What to produce -> Retype the line in which "35568 aerospace cover letter achievements" appears, then every line after it until the records end. Leave out the pictures.

Dataset records:

BEGIN

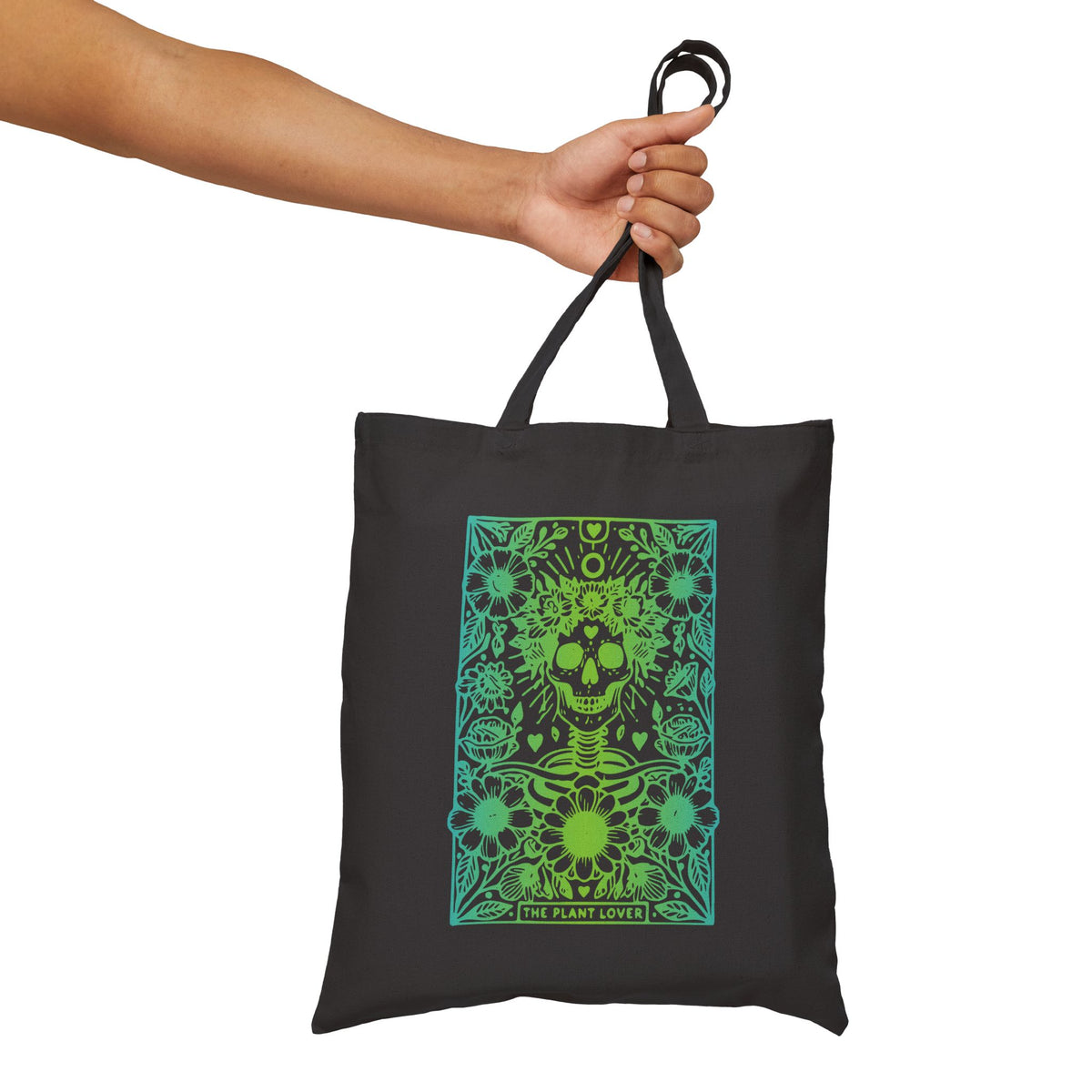 "The Plant Lover" Skeleton Tarot Card Tote Bag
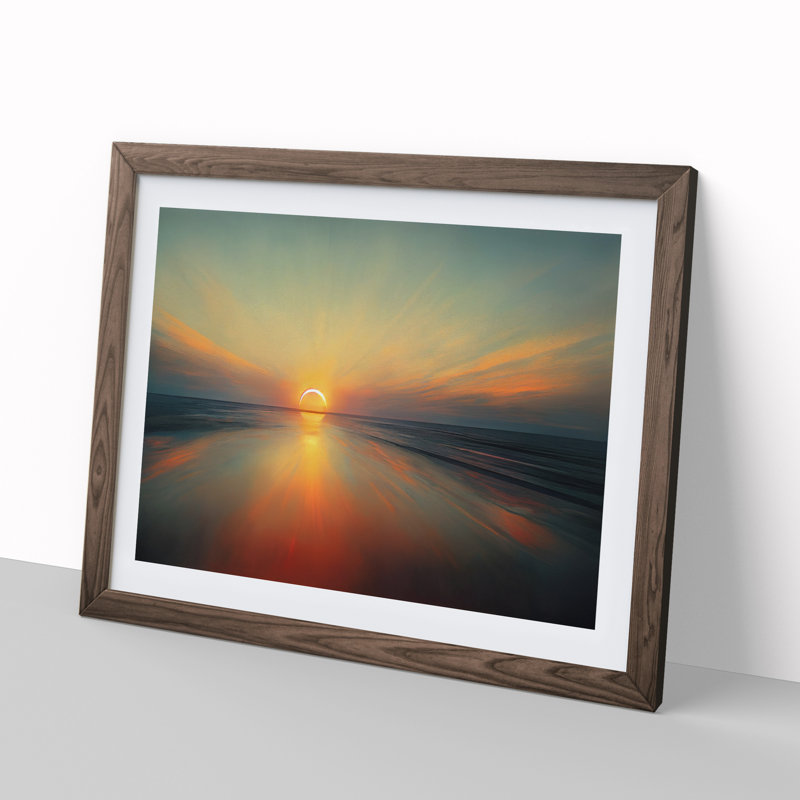 Serene Sunrise - Framed Print, 46cm H x 64cm W x 2cm D, Walnut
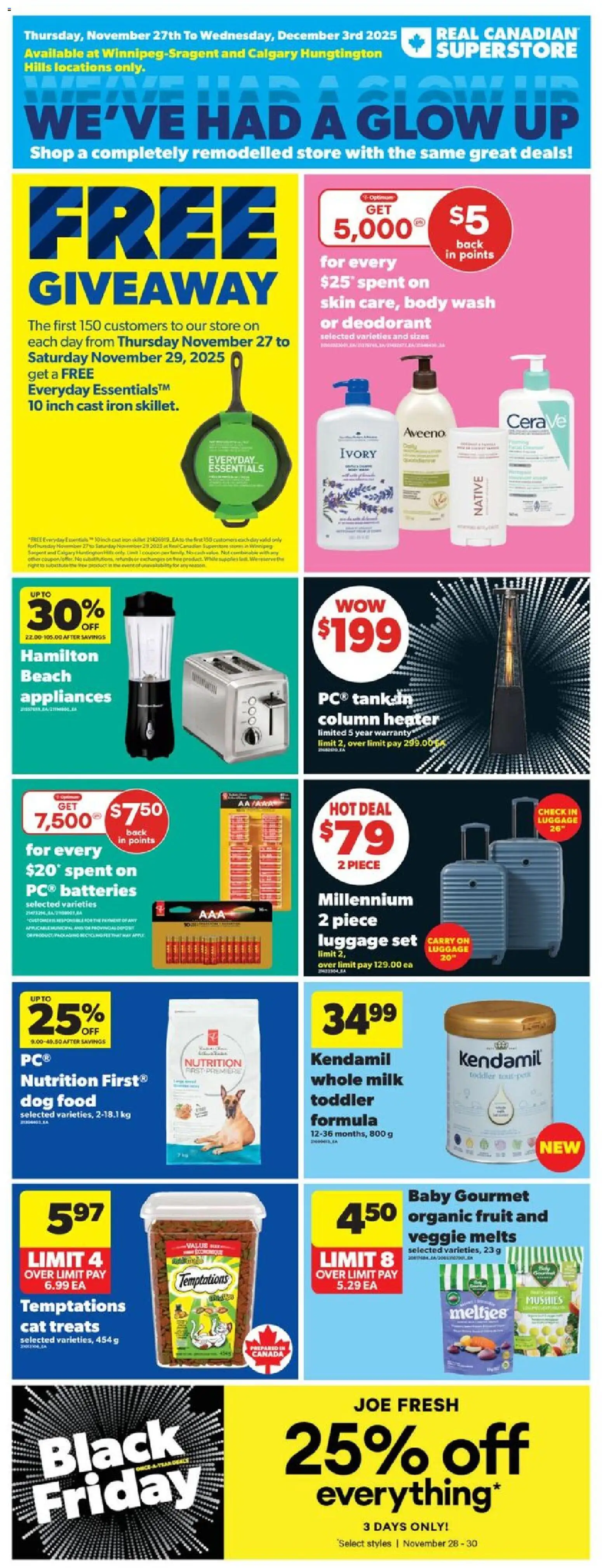 Real Canadian Superstore flyer valid from 27.11.2025 | Page: 1 | Products: Iron, Body wash, Deodorant, Milk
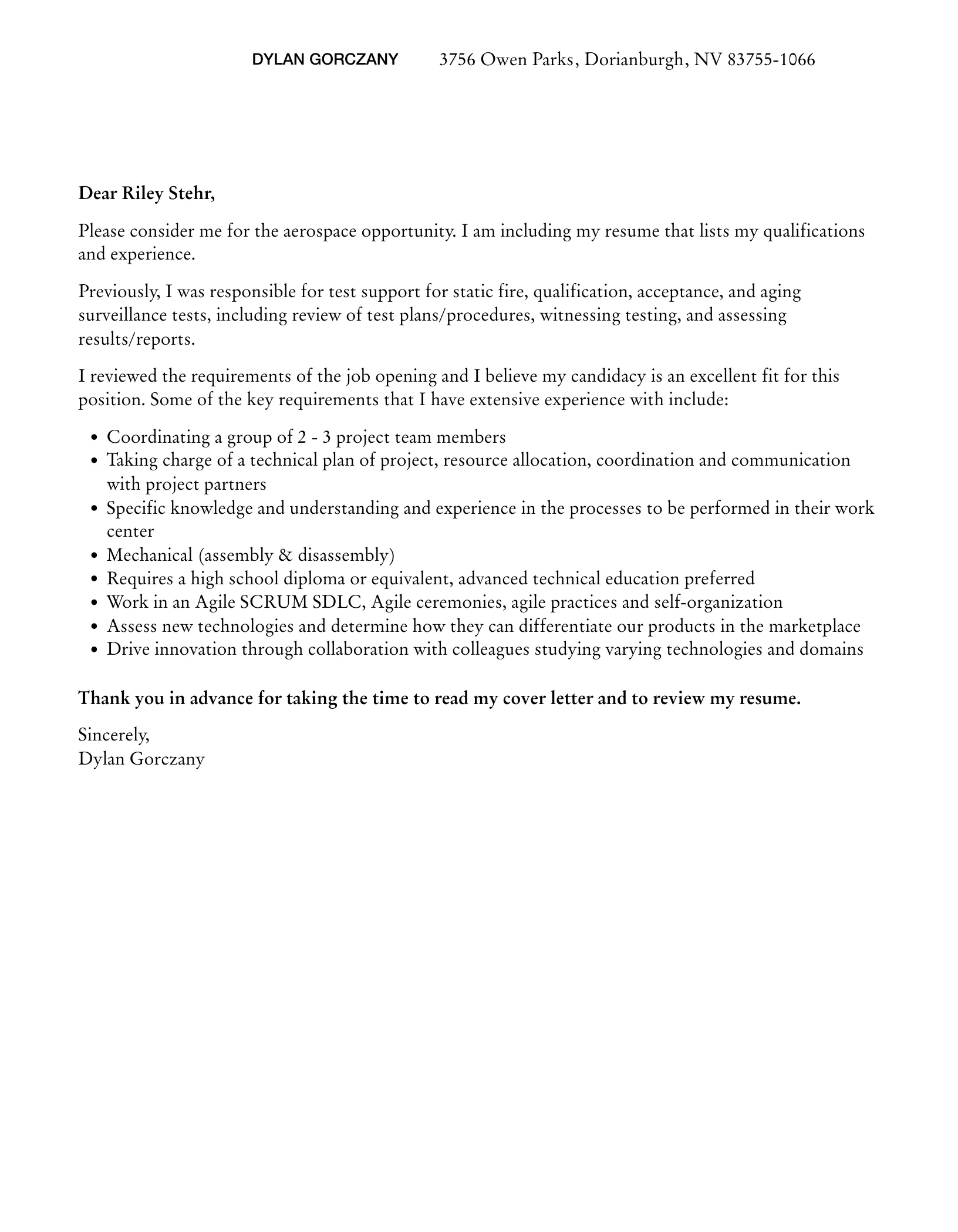 35568 aerospace cover letter achievements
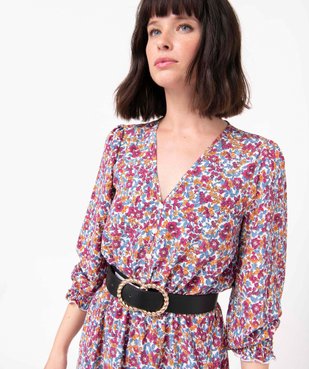 Robe femme à motifs fleuris avec détails smockés vue2 - GEMO(FEMME PAP) - GEMO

END

Exercise result ->
 35568 aerospace cover letter achievements
 Robe femme à motifs fleuris avec détails smockés vue2 - GEMO(FEMME PAP) - GEMO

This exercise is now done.